**Problem statement:** For every line in the material, output its text exactly and exclude any image it holds.

*** Opening of Dataset extract ***

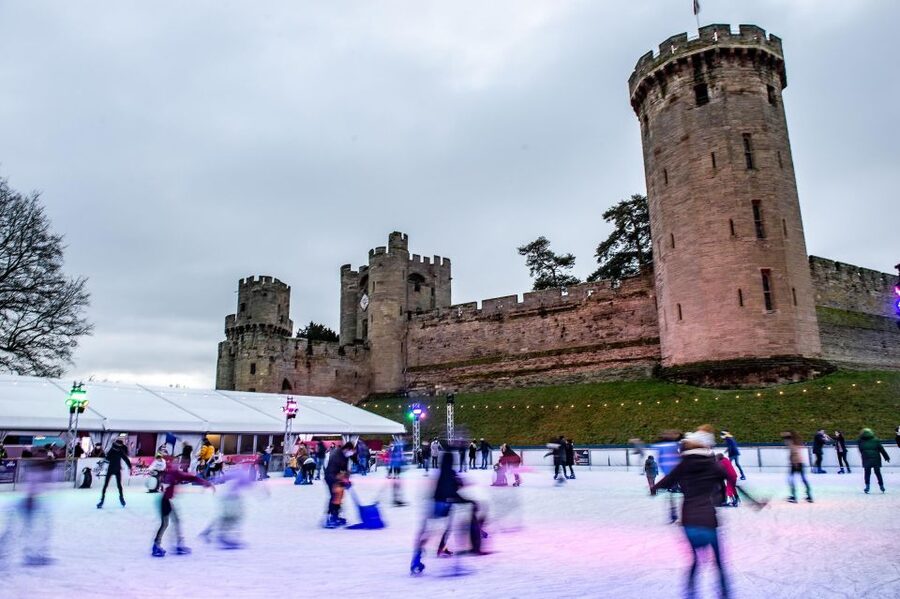 Warwick: Entry Ticket for Warwick Castle - Birds of Prey: The Show You Should Not Skip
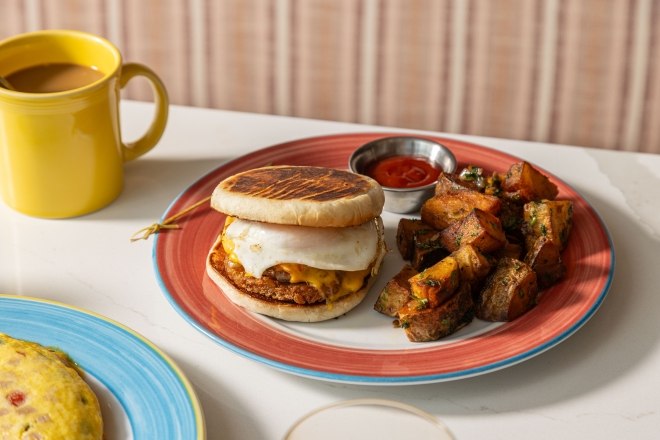OCR_Sunnys_Grand_Slam_McMuffin_01_GBonghi_EXP071726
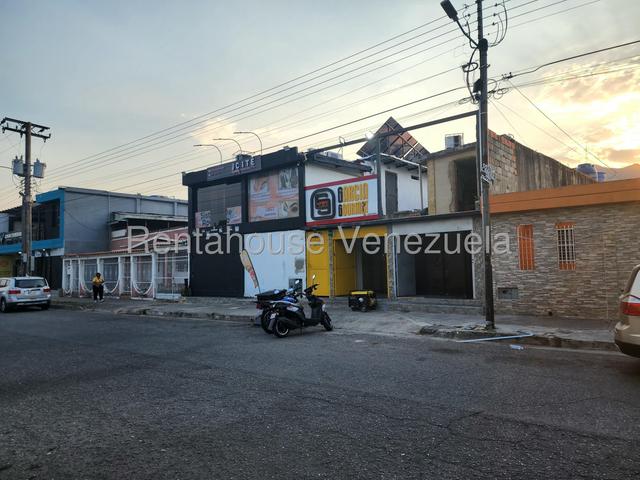 Local Comercial en alquiler a pie de calle  81,51 m2, 2 niveles. gran acceso peatonal y vehicular Urb La Esmeralda - San Diego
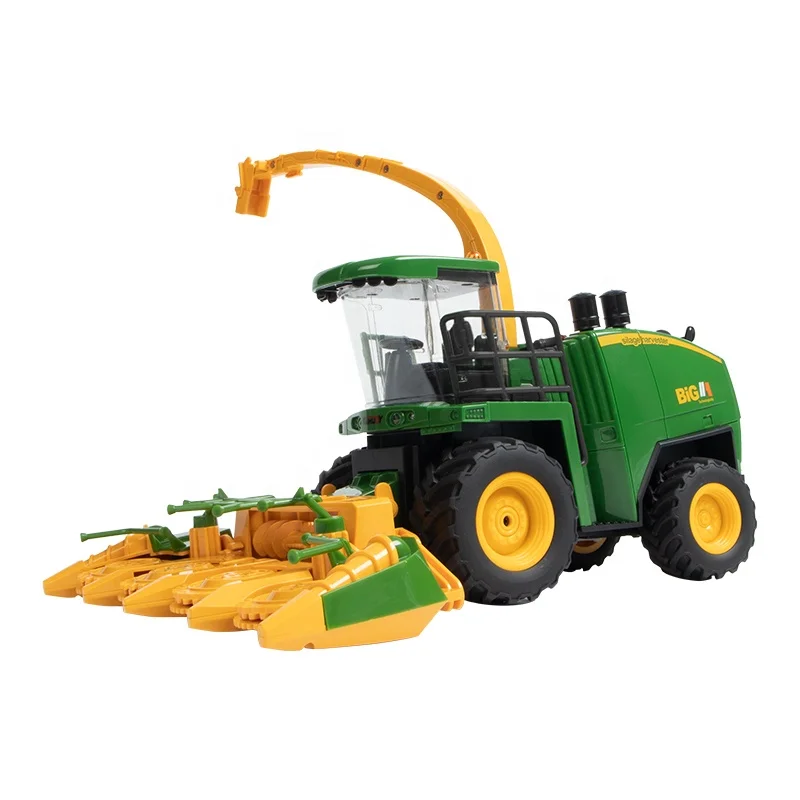 New Arrival 6602 RC Farm Trucks 1/24 2.4G 6CH Mini Remote Control Toys Farm Tractor Harvester with spray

*** Close of Dataset extract ***

**Answer for the task:**
 Warwick: Entry Ticket for Warwick Castle - Birds of Prey: The Show You Should Not Skip
OCR_Sunnys_Grand_Slam_McMuffin_01_GBonghi_EXP071726
 Local Comercial en alquiler a pie de calle  81,51 m2, 2 niveles. gran acceso peatonal y vehicular Urb La Esmeralda - San Diego
 New Arrival 6602 RC Farm Trucks 1/24 2.4G 6CH Mini Remote Control Toys Farm Tractor Harvester with spray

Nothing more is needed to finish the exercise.